Omit every picture while you reproduce the entries that follow word for word.

[Short descriptive text snippets]
"""

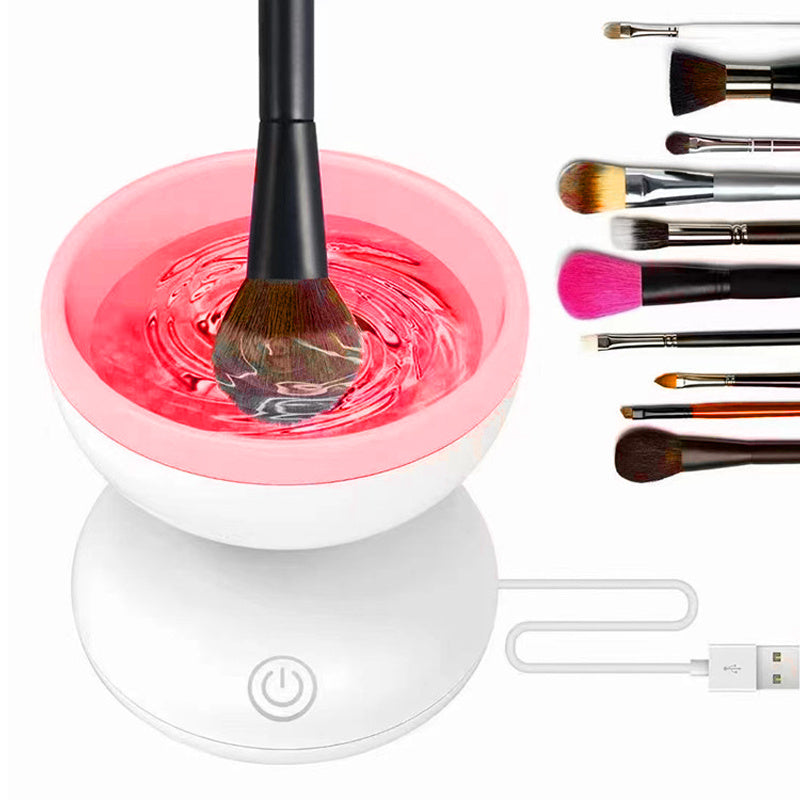 Portable USB Makeup Brush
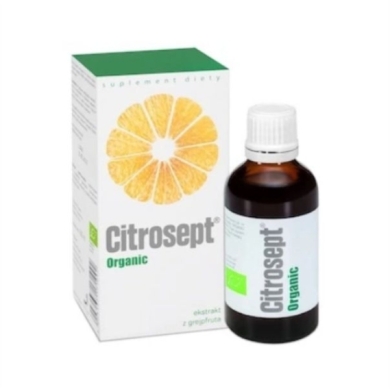 Citrosept Organic krople 20 ml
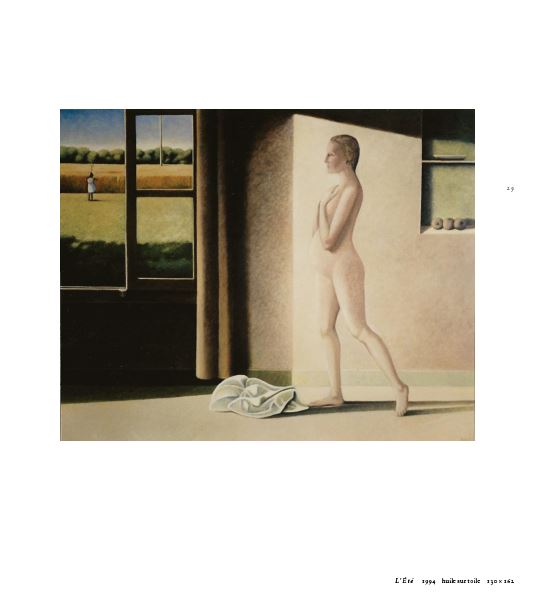 peinture quatre saisons été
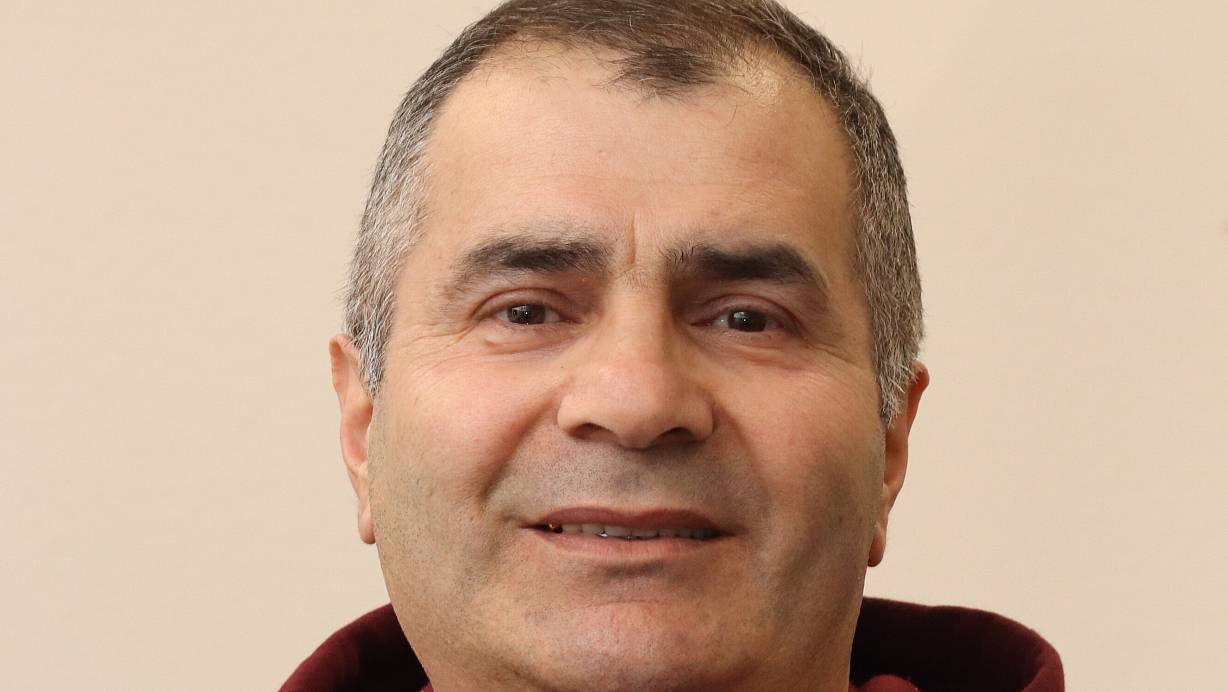 Abil Hasanov kam seiner Inhaftierung mit der Flucht 2017 nach Deutschland zuvor. | © Sigurd Gringel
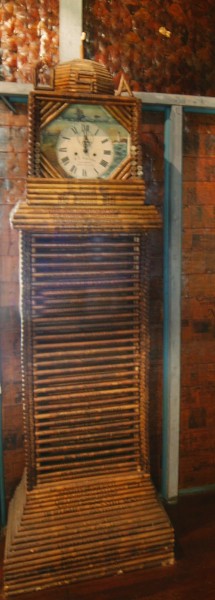 Clock in Paper House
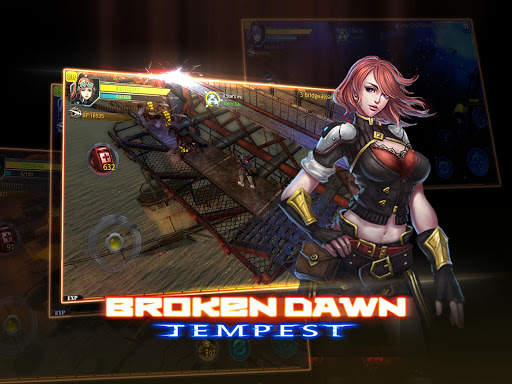 Broken Dawn:Tempest screenshot 11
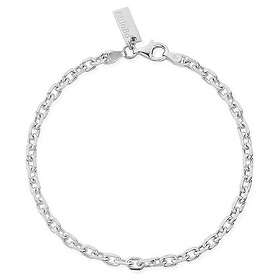 ChloBo SBANCHORM MAN Sterling Silver Anchor Chain Bracelet Jewellery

"""

**Result of this exercise:**
 Portable USB Makeup Brush
 Citrosept Organic krople 20 ml
 peinture quatre saisons été
 Abil Hasanov kam seiner Inhaftierung mit der Flucht 2017 nach Deutschland zuvor. | © Sigurd Gringel
 Clock in Paper House
 Broken Dawn:Tempest screenshot 11
 ChloBo SBANCHORM MAN Sterling Silver Anchor Chain Bracelet Jewellery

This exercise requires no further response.